*REQUIREMENT*. All of the lines below should be printed again exactly as they are.

┌─ DATA PROVIDED

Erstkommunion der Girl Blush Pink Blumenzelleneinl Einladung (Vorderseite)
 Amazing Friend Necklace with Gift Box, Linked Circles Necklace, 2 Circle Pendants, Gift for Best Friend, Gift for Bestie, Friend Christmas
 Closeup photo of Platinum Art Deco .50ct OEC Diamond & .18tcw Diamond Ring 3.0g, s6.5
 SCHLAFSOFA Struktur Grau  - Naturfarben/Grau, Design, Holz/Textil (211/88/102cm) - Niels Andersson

└─

*WRITTEN ANSWER*.
Erstkommunion der Girl Blush Pink Blumenzelleneinl Einladung (Vorderseite)
 Amazing Friend Necklace with Gift Box, Linked Circles Necklace, 2 Circle Pendants, Gift for Best Friend, Gift for Bestie, Friend Christmas
 Closeup photo of Platinum Art Deco .50ct OEC Diamond & .18tcw Diamond Ring 3.0g, s6.5
 SCHLAFSOFA Struktur Grau  - Naturfarben/Grau, Design, Holz/Textil (211/88/102cm) - Niels Andersson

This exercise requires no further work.